Source data:
———

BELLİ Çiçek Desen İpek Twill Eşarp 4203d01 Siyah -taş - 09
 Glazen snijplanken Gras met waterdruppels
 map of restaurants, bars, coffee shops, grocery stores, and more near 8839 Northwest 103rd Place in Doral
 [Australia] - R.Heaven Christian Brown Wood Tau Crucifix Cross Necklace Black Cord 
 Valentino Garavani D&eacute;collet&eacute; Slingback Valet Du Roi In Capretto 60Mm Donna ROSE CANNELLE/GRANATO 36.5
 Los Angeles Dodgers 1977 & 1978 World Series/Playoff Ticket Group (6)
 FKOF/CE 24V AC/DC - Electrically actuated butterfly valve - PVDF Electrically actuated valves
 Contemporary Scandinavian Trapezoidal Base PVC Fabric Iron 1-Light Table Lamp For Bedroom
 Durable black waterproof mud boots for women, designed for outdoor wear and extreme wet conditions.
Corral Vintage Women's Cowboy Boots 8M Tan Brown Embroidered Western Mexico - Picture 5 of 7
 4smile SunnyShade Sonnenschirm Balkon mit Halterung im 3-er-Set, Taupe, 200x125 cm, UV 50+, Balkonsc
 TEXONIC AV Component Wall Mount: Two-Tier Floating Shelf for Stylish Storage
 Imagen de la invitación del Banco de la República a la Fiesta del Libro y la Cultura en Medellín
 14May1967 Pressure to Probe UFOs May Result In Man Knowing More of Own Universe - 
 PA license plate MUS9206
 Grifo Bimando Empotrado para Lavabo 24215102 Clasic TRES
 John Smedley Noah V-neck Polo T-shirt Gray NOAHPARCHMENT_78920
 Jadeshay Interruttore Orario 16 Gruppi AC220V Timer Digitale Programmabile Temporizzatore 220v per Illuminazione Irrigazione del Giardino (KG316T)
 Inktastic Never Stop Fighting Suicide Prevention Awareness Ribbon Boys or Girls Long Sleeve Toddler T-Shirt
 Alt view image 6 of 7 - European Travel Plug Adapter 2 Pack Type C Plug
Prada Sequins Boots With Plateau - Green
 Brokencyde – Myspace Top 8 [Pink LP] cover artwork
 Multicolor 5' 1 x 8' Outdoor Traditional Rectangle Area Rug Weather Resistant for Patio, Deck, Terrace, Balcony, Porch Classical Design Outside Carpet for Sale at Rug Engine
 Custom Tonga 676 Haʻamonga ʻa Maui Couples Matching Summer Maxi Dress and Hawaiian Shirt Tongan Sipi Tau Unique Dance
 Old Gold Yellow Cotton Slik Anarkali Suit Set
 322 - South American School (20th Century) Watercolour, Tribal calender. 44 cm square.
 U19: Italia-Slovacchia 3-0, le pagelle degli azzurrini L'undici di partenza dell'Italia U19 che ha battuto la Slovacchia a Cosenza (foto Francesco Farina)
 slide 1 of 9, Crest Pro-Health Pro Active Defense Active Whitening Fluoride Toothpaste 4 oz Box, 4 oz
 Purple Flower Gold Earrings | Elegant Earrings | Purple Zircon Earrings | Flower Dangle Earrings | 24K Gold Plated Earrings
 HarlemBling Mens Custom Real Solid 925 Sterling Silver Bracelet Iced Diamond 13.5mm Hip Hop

———

What this task involves:
Everything from the line with "[Australia] - R.Heaven" through the line with "John Smedley Noah" in the listing above must be retyped exactly, with nothing added.

Final answer:
 [Australia] - R.Heaven Christian Brown Wood Tau Crucifix Cross Necklace Black Cord 
 Valentino Garavani D&eacute;collet&eacute; Slingback Valet Du Roi In Capretto 60Mm Donna ROSE CANNELLE/GRANATO 36.5
 Los Angeles Dodgers 1977 & 1978 World Series/Playoff Ticket Group (6)
 FKOF/CE 24V AC/DC - Electrically actuated butterfly valve - PVDF Electrically actuated valves
 Contemporary Scandinavian Trapezoidal Base PVC Fabric Iron 1-Light Table Lamp For Bedroom
 Durable black waterproof mud boots for women, designed for outdoor wear and extreme wet conditions.
Corral Vintage Women's Cowboy Boots 8M Tan Brown Embroidered Western Mexico - Picture 5 of 7
 4smile SunnyShade Sonnenschirm Balkon mit Halterung im 3-er-Set, Taupe, 200x125 cm, UV 50+, Balkonsc
 TEXONIC AV Component Wall Mount: Two-Tier Floating Shelf for Stylish Storage
 Imagen de la invitación del Banco de la República a la Fiesta del Libro y la Cultura en Medellín
 14May1967 Pressure to Probe UFOs May Result In Man Knowing More of Own Universe - 
 PA license plate MUS9206
 Grifo Bimando Empotrado para Lavabo 24215102 Clasic TRES
 John Smedley Noah V-neck Polo T-shirt Gray NOAHPARCHMENT_78920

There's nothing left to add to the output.